2. Regus is able to use its scale to purchase efficiently in areas such as centre fit-
out, telecoms, IT, office furniture.
A good illustration of Regus’ cost advantage occurred when Regus acquired MWB in 2013.
Regus was able to take out costs equivalent to over 10% of MWB’s revenue; essentially
MWB was operating a UK business half the size of Regus but with the same overhead.
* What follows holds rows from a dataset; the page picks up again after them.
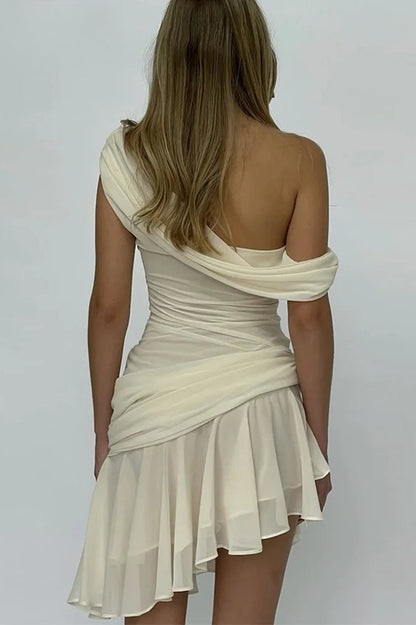 One-Shoulder Ruched Mesh Layered Flutter Asymmetrical Hem Mini Dress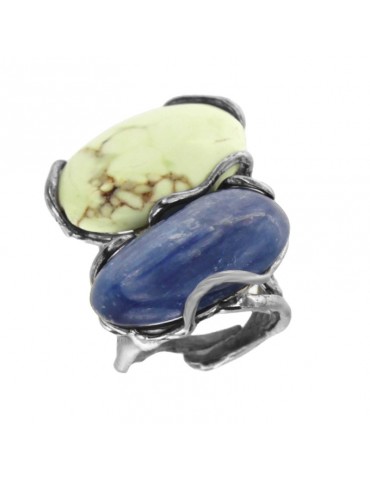 Della Rovere Ring - in 925% Silver - Magnesite and Kyanite - DR131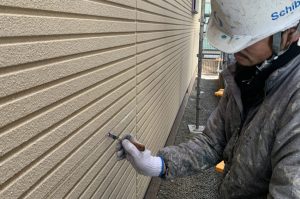 さいたま市北区のE様邸で外壁塗装の前のシーリングが完了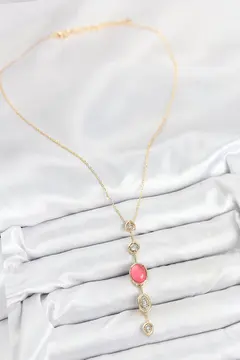 Pirinç Zincir Pembe Gold Renk Zirkon Taşlı Y Kolye 5886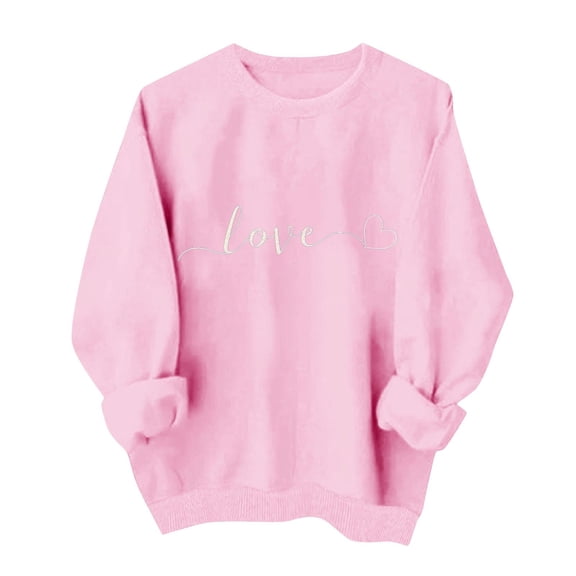 FRSASU Valentines Shirt for Women Causal Heart Print Graphic Long Sleeve Oversized Blouse Tops Plus Size Crewneck Sweatshirt Pink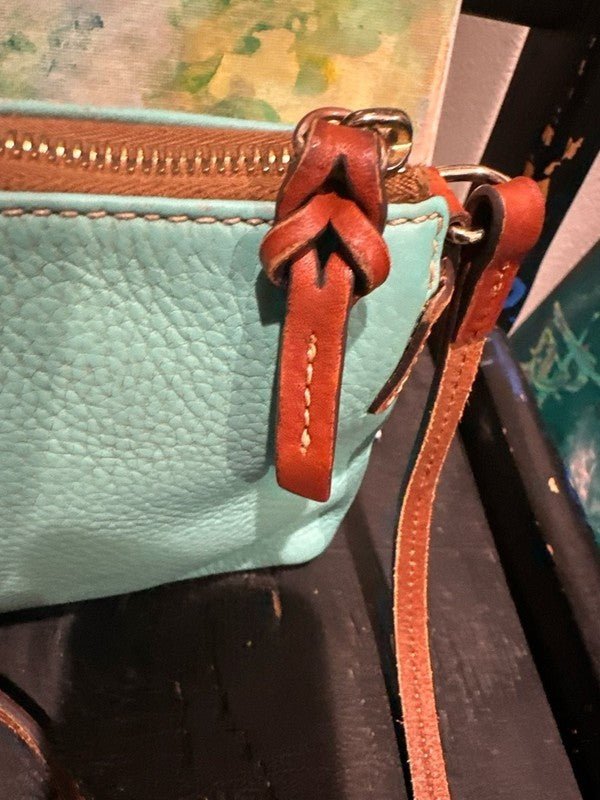 Dooney & Bourke Pebble Grain Leather Ginger Crossbody Bag in Aqua - I Bought a Yard Sale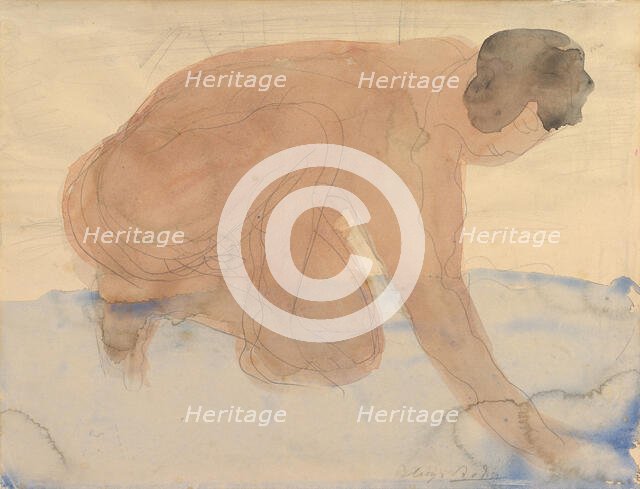 Nude figure on hands and knees, 1900-1910. Creator: Auguste Rodin.
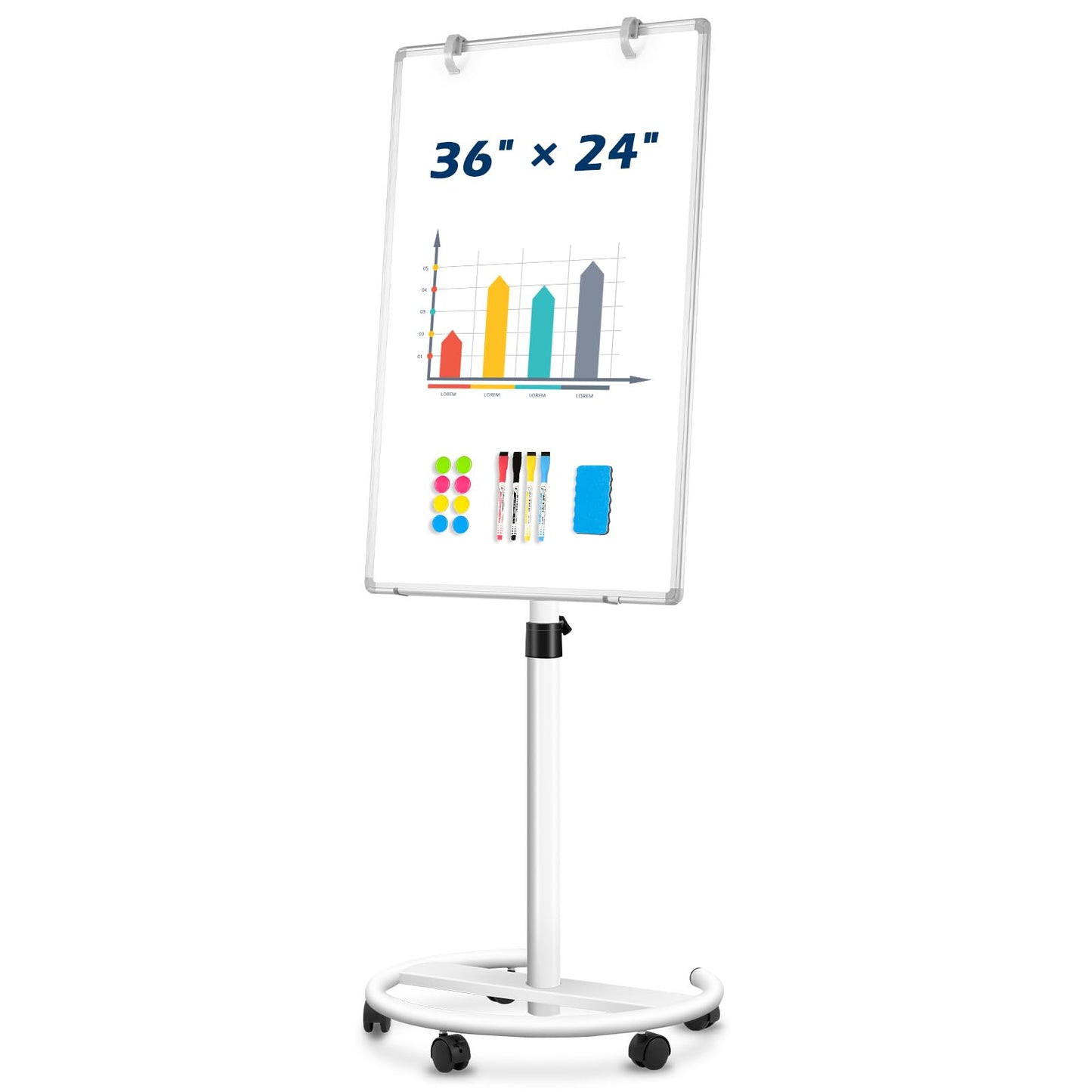 Magnetic Mobile Whiteboard, 36"x24", Height Adjustable Flip Chart Easel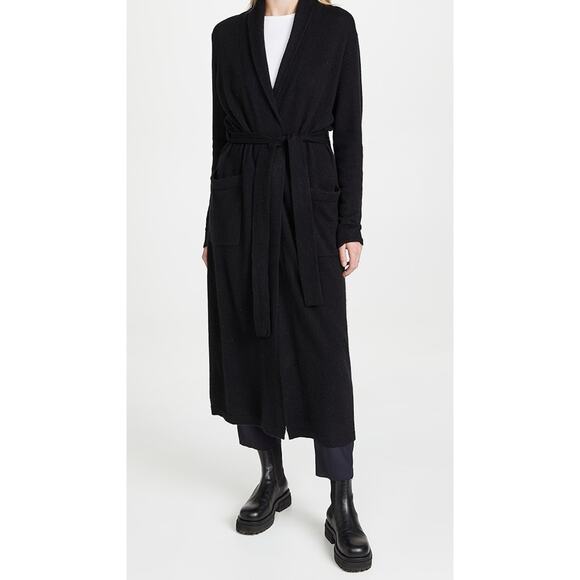 NWT White + Warren Black Cashmere Long Robe Size M Black Belted $595 #3B508 - Picture 1 of 14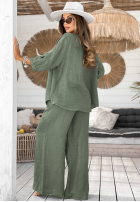 Lniana Bluse z kwiatami Summer Dream Khaki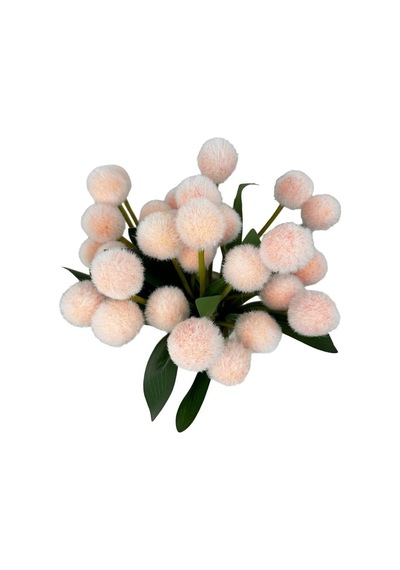 Yapay Çiçek Şampanya Rengi Pompon Çiçeği Dekoratif Yapay Çiçek 7 Toplu 30 20cm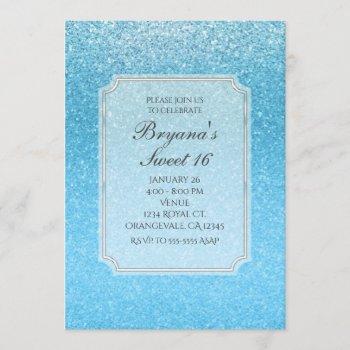 fairy tale blue glitter sweet 16 party invitations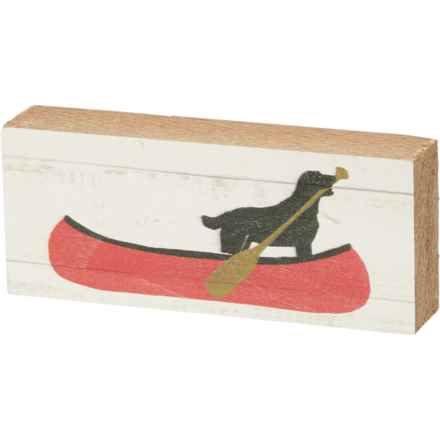Rustic Marlin 2.5x6” Dog Canoe Wood Sign in Multi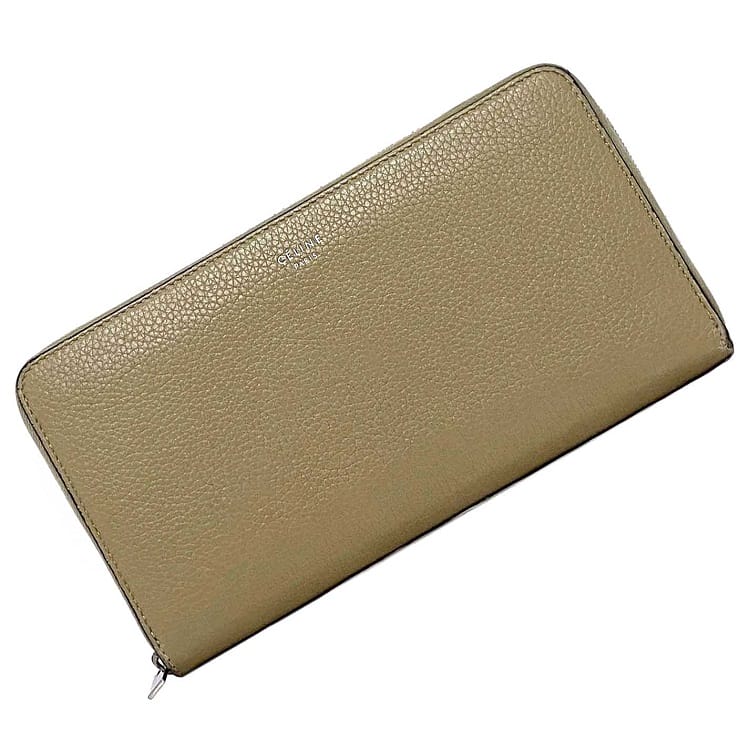 ✨極美品✨　セリーヌ　コインケース　ペブル　ラウンドファスナー　レザー　ベージュ ✨極美品✨ セリーヌ コインケース ペブル ラウンドファスナー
The valuation for Regus is interesting because the true value of the business is hidden by
the fact the new centres take 2-4 years to get to full profitability as they fill up. In a period
of faster expansion, the profitability of the existing “mature centres” is concealed by the
early year losses of the new centres. It is not difficult to identify this because the
company is reasonably explicit about the true cashflow of the centres which have been
open for more than two years. We made some reasonably conservative judgements on
occupancy rates going forward, even assuming that the new centres opened in the last
two years only ever achieve 78% occupancy (a level it’s mature centres only briefly fell to
during the credit crunch) and found that we were able to invest in Regus on a single figure
multiple of the cash the business will throw off from its current estate, i.e. the business is
investable without further growth. But Regus is growing quickly: it continues to find high
return on capital growth opportunities throughout the world. The business is able to
redeploy its cashflow with a 20-25% return on capital.
We wrestled for a long-time with the cyclicality of the business. Profits fell by 75% in the
period from 2008 to 2010 and in the UK and EMEA, profits were virtually wiped out. We
learned that by 2008, the SPV structure had only been rolled out in the US, where profit
declined by around 50% and recovered quite quickly thereafter. The US experienced
some extreme rental price movements during the credit crunch, but Regus was able to
manage its relationships with the property owners to ensure that it did not take the full
hit of these market conditions – Regus was unable to do this in the UK where most of the
leaseholds were still recourse to the Group. The SPV structure is now in place across 90%
of its portfolio of centres. A 50% profit drop at the bottom of the cycle implies we are
investing at a high teens multiple of the cyclical low point – this is comfortable,
particularly for a business which we believe will be able to continue to grow with a 20%+
return on capital.
It is worth touching briefly on Regus’ history to explain why we think the issues the
company faced in 2000-2003 are unlikely to happen again. Mark Dixon’s initial foray into
serviced offices took little risk. He would take excess space from landlords with no
commitment and sell it on short leases with a services overlay. It was popular with both
tenants and the landlord. By 2000, the business had matured and in order to feed the
voracious appetite of venture funded Dot Com start-ups, the company had built out its
portfolio with multi-year lease obligations. When the bubble burst, Regus found that its
tenant base was largely made up of unprofitable companies many of which went bust.